NASA has already designed the new suits that astronauts will wear on its Artemis moon missions. Now it's testing the suits to make sure people can actually walk in them and perform complex tasks, like handling tools and checking equipment.
Many of those tests happen underwater.
At NASA's Neutral Buoyancy Lab in Houston, Texas, astronauts-in-training wear spacesuits in a giant pool to simulate what they'll feel like in microgravity.
The pool is 202 feet long, 102 feet wide, and 40.5 feet deep. It contains 6.2 million gallons of water — more than enough to fill nine Olympic-sized swimming pools.

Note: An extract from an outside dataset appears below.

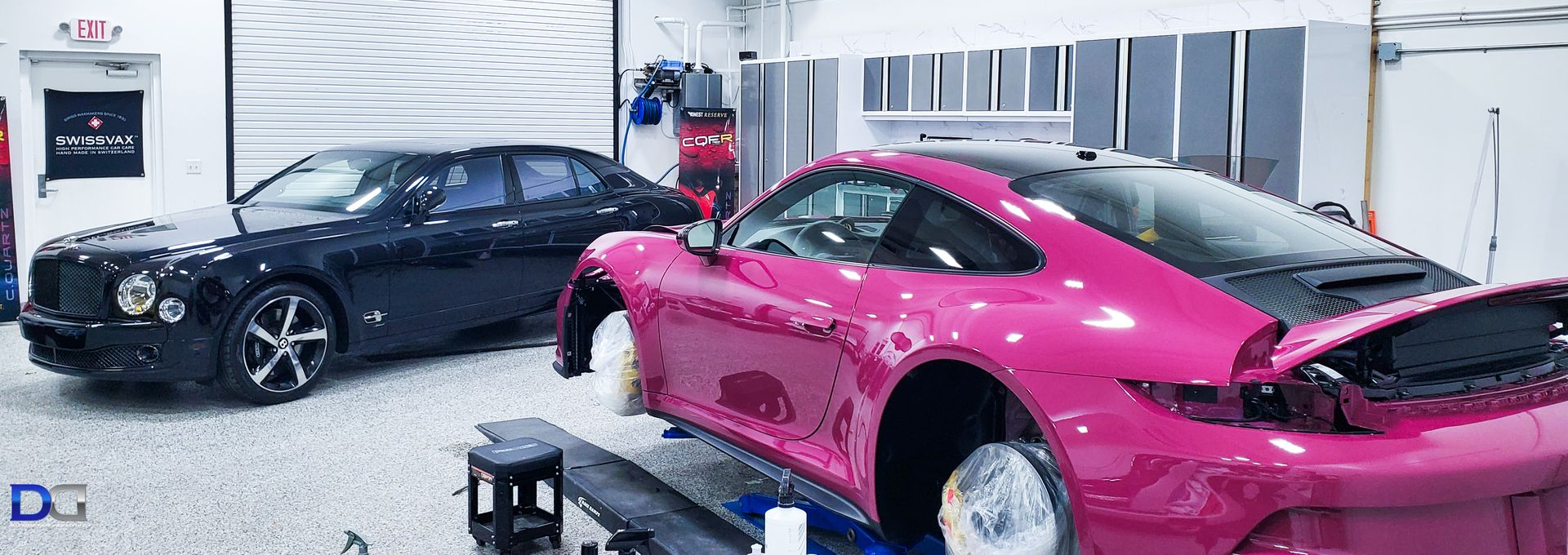 Person in black glove applying coating on a shiny, black car in a garage.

According to astronauts, the pool does a surprisingly good job of preparing them for space.
"When I did my first spacewalk, shortly after we went out the hatch, the sun set and it got dark, and it felt exactly like I was in the pool," astronaut Nick Hague said on an episode of NASA's "Curious Universe" podcast in April.
An astronaut's training ground
The Neutral Buoyancy Lab is designed to mimic microgravity, rather than zero gravity, because that's what astronauts on the space station experience. The weightlessness they feel comes from being in constant free-fall — the station is essentially falling perpetually in a circle around the Earth.
The pool even contains full-scale mockups of space-station components and the cargo-carrying spacecraft used for resupply missions, like SpaceX's Dragon capsule and the Japan Aerospace Exploration Agency's H-II Transfer Vehicle.
"We have experience with [the] space station, but we need to determine how we're going to train the crew for surface operations during these specific missions," Daren Welsh, who's leading the tests, said in a NASA blog.
When training for space-station spacewalks, astronauts typically float around the pool, engaging with the models of different parts of the station. Their suits are weighted to be neutrally buoyant so that they neither sink nor float.
But the moon is different: Unlike the space station, it has a small gravitational pull that's about 1/6 of Earth's. So in exercises and tests related to moon missions, the spacesuits are weighted to make them sink. Astronauts then practice walking across the pool's bottom, which NASA staff cover in rocks and sand to simulate lunar ground.
Underwater, the astronauts practice planting a flag, picking up rocks, and examining a lunar lander spacecraft.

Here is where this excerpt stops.